### Provided data

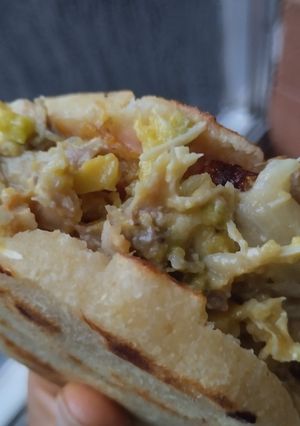 Una foto de Arepa🥯rellena🌽de pollo, aguacate🥑plátano🥙macho maduro🧆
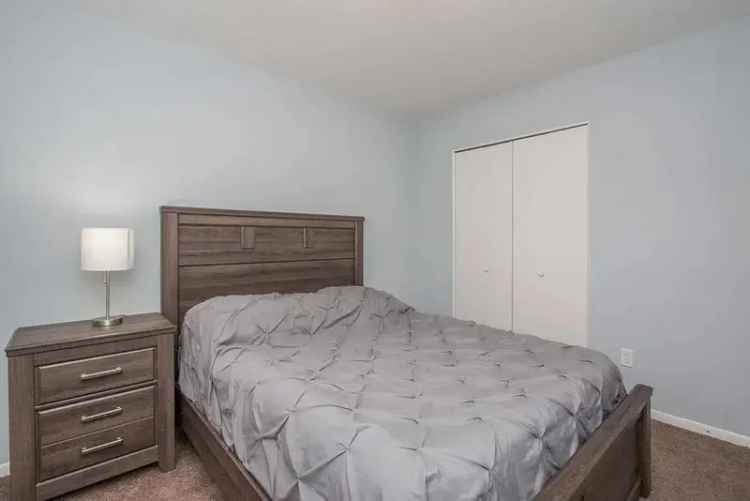 Rent 1 and 2 Bedroom Apartments in St. Louis Park with Modern Amenities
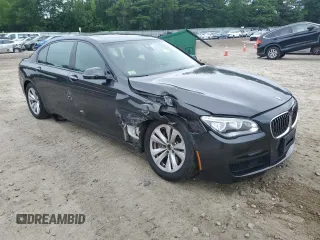 2015 BMW 7 Series 750Li xDrive with VIN WBAYF8C58FD655495, listed as a Copart auction lot 61584405 with 105,249 mi miles and Clean title. Bid and sale history available at DreamBid. Image 4.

######

▶ Instructions for the task
When copying the listing, skip the pictures and keep each line exactly as written.

▶ Task solution
 Una foto de Arepa🥯rellena🌽de pollo, aguacate🥑plátano🥙macho maduro🧆
 Rent 1 and 2 Bedroom Apartments in St. Louis Park with Modern Amenities
 2015 BMW 7 Series 750Li xDrive with VIN WBAYF8C58FD655495, listed as a Copart auction lot 61584405 with 105,249 mi miles and Clean title. Bid and sale history available at DreamBid. Image 4.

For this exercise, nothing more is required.